Mathew Dadiya, Abuja
The Federal Executive Council (FEC) presided over by Vice President Yemi Osinbajo has approved the extension of a funding facility by the Central Bank of Nigeria (CBN) for electricity Generation Companies (GENCOs) in the country.
The Daily Times recalls that the CBN had earlier stepped into the liquidity and funding challenges facing the electricity sector and disbursed a total of N120.2 billion to different electricity distribution companies (DisCOs), generation companies (GenCOs) and service providers and gas companies.
Addressing State House Correspondents on Monday after the FEC meeting at the Presidential Villa, Minister of Finance, Mrs. Zainab Ahmed, said council also approved ”an extension of a Central Bank of Nigeria intervention that will be used to continue to support the power sector specifically the generation arm of the sector.”
Mrs. Ahmed said “this is based on a commitment that we signed into as a country, where we have several guarantees to the Generation Companies (GenCos) to bridge any gap that they have after the Nigerian Bulk Electricity Trading Plc (NBET) has settled them.”
According to her, the CBN assurance facility that was approved on Monday is to pay the GENCOs for any financing shortfall that they have after the bulk trader NBET settles them.
“So it is a cost on government, it is loan, government will be paying it back to the CBN. The essence is to meet the contract obligations that government signed with the Gencos on the assurance we gave them on off taking any power that they generate after payment is made from the NBET,” she added.
The 4th Tranche of the disbursement, which is under the N213bn Nigerian Electricity Market Stabilisation Facility (NEMSF), was made in 2016.
The Federal Government had also signed power purchase agreements by the Nigerian Bulk Electricity Trader (NBET) to signal activation of industry contracts for power generation under a contract based market.
The Finance minister also disclosed that FEC approved a new import levy for sustainable financing of Nigeria’s membership subscription in the African Union (AU).
Nigeria, she said, would base a rate of 0.2 percent as the new import levy on Cost, Insurance and Freight, CIF, that will be charged on imports coming into Nigeria from AU countries.
According to the Finance minister, there are some exceptions on goods originating outside the territory of member countries.
“The federal executive council meeting approved a new import levy for sustainable financing of Nigeria’s membership subscription in the African Union. It approved a rate of 0.2 percent as a new import levy on Cost, Insurance, and Freight (CIF) that will be charged on imports coming into Nigeria but with some exceptions.
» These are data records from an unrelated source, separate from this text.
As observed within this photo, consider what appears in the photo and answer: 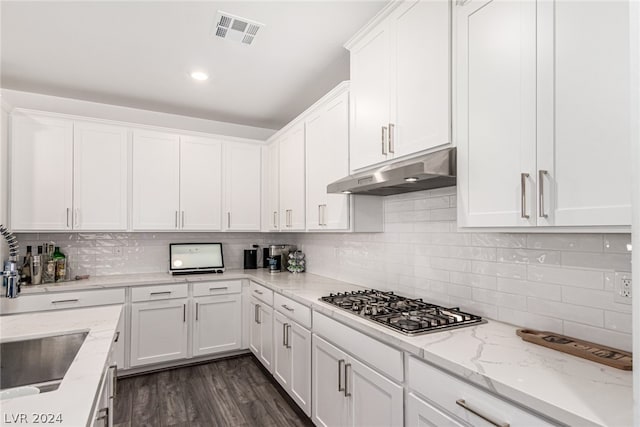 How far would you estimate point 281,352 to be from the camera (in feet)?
9.49

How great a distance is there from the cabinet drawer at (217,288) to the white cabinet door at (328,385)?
1.62 meters

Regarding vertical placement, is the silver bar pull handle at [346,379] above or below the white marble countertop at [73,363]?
below

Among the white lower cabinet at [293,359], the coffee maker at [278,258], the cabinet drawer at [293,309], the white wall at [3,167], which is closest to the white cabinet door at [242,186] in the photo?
the coffee maker at [278,258]

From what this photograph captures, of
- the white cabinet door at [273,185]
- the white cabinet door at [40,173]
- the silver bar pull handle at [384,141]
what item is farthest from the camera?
the white cabinet door at [273,185]

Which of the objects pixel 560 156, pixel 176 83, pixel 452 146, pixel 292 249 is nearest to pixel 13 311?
pixel 176 83

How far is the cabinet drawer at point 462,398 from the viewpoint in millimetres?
1097

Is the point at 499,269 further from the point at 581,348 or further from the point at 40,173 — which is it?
the point at 40,173

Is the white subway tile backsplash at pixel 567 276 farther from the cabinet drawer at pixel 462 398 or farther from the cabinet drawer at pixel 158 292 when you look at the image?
the cabinet drawer at pixel 158 292

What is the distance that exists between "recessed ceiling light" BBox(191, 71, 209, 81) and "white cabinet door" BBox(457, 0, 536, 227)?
2.18m

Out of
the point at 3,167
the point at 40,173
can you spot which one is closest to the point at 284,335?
the point at 40,173

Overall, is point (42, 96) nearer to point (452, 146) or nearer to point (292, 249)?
point (292, 249)

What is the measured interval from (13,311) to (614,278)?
12.2ft

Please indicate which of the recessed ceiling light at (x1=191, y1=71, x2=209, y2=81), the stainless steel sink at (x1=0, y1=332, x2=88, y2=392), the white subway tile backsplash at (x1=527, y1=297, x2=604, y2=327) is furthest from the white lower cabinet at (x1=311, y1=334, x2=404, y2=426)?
the recessed ceiling light at (x1=191, y1=71, x2=209, y2=81)

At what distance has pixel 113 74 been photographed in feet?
9.91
“The exceptions include goods originating from outside the territory of member countries that are coming into the country for consumptions.
“It also includes goods that are coming in for aid and also it includes goods that are originating from non-member countries but are imported through specific financing agreements that ask for such kinds of exemptions.
It also exempts goods that have been ordered and are under importation process before the scheme was announced into effect.”
She further explained that “the purpose of this new levy is to enable the African Union member countries pay on a sustainable basis their subscriptions to African Union”.
The minister said: “So what we are trying to do in Nigeria is to domesticate and implement this decision that was taken in Kigali on the 27th Assembly of the Heads of State and Government of African Union meetings.
“The decision council took today is that we will open a central bank account for that particular purpose so all the funds collected by the Nigerian customs will be pooled into that account.
“And when the AU raises a subscription invoice, we will settle from that account and whatever is left, we can use it also to settle our subscriptions to other multilateral institutions and if there is anything left, the balance is used to finance the budget.
“The council also approved that for Nigeria knowing that what will accrue from this new levy will be more than what is required as subscriptions to the African Union, that the balance that will be left will be ring first and put in a special account in the Central Bank of Nigeria and will be used to finance her subscriptions to multilateral organizations as the World Bank, African Development Bank, Islamic Development Bank and institutions like that.
“And if there is any excess left from that in the revenue pool, it will be used to finance the budget.”
Continuing, Mrs. Ahmed said: “The second approval was the setting up of the steering committee to be chaired by the Vice President for the design and implementation of a national single window.
“The national single window is a web portal that would be able to integrate all the government agencies that are operators and implementers in the port business or trading in the port system.
“The trading platform will enable better efficiency of port operations and we project that it will significantly increase government revenues.”